Jeden z rozdziałów "Jak wyjść…" zatytułowany jest "Mąż idealny". Czy tacy istnieją? Mój mąż, który zobaczył nagłówek w czasie przewracania stron w książce, stwierdził z uśmiechem: "Oczywiście, że tak. Ja jestem". Owszem, cytując poradnik: "Dobry mąż to ktoś, kto jest dobry dla ciebie. Z nim twoje życie powinno być lepsze niż bez niego", zalicza się do grona Właściwych Mężczyzn.

Nic na świecie nie jest idealne. Zwłaszcza mąż. Trzeba się z tym pogodzić i nie marudzić, tylko zauważać dobre strony i cieszyć się, że/jeśli czynią nasze życie "lepszym". To oczywiście bardzo subiektywne odczucie, dlatego facet "dobry" dla mnie, może okazać się kompletnie nieinteresujący dla ciebie. I chwała Bogu!

Są kobiety, które uważają, że mężczyźni należą do niższego gatunku. Mam odmienne zdanie, ale… czytając Pani książkę o rozpracowywaniu, uwodzeniu, przejmowaniu kontroli, o "obsłudze każdego faceta", odniosłam wrażenie, że można tak pomyśleć. Jakie jest Pani zdanie na ten temat?

Czy wobec tego dzieci, na których temat tak chętnie pisze się przeróżne instrukcje obsługi, też są niższym gatunkiem? Nie, one są INNYM gatunkiem niż dorośli, wymagają innego traktowania, innego dotarcia, komunikowania. To samo z facetami. Są INNI niż kobiety, może mniej skomplikowani, ale na pewno nie gorsi.

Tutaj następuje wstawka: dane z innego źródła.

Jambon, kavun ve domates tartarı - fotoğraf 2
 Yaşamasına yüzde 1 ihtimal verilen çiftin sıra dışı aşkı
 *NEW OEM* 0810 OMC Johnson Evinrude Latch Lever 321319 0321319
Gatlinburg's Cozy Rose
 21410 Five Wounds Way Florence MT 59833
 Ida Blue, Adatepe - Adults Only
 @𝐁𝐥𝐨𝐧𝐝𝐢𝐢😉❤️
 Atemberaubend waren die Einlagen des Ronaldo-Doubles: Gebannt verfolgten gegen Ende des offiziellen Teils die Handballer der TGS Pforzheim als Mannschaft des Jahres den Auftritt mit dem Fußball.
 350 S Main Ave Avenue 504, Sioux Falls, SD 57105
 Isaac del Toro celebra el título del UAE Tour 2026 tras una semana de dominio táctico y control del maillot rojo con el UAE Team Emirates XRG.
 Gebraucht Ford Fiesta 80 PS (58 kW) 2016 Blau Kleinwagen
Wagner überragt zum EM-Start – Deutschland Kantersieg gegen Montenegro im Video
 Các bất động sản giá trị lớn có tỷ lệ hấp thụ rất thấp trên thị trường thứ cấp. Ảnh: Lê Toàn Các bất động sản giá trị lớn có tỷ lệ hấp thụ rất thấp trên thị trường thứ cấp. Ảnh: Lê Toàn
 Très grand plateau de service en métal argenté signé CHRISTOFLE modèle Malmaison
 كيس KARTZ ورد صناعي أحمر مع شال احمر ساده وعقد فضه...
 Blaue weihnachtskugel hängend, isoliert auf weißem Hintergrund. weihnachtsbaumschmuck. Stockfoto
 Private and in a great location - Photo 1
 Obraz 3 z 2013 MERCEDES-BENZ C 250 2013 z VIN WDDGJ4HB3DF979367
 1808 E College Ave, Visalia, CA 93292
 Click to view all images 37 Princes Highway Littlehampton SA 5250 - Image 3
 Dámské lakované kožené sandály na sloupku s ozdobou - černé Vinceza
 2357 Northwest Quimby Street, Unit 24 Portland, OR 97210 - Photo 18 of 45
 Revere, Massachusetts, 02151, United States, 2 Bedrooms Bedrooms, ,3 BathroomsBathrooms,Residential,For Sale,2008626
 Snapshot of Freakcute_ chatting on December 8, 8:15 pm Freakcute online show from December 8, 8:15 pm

To raczej kobiety bywają głupie, kiedy usiłują ich traktować jak swoje koleżanki. Ja tylko pokazuję, że to błąd, bo niczego przez to nie osiągają, a facet jest sfrustrowany, bo nie wie, o co chodzi. Pies też woli usłyszeć "siad!" niż "dlaczego ty nigdy nie możesz usiąść w odpowiednim momencie?". Z tym, że mówiąc do faceta, a nie psa, warto dorzucić "proszę".

Candace Bushnell napisała "Seks w wielkim mieście" – hymn pochwalny dla singielek. Pani pokazuje, jak wyjść z tego stanu. Bycie singielką już nie jest takie modne, czy może w podświadomości każda z nas marzy, żeby powiedzieć "Tak"?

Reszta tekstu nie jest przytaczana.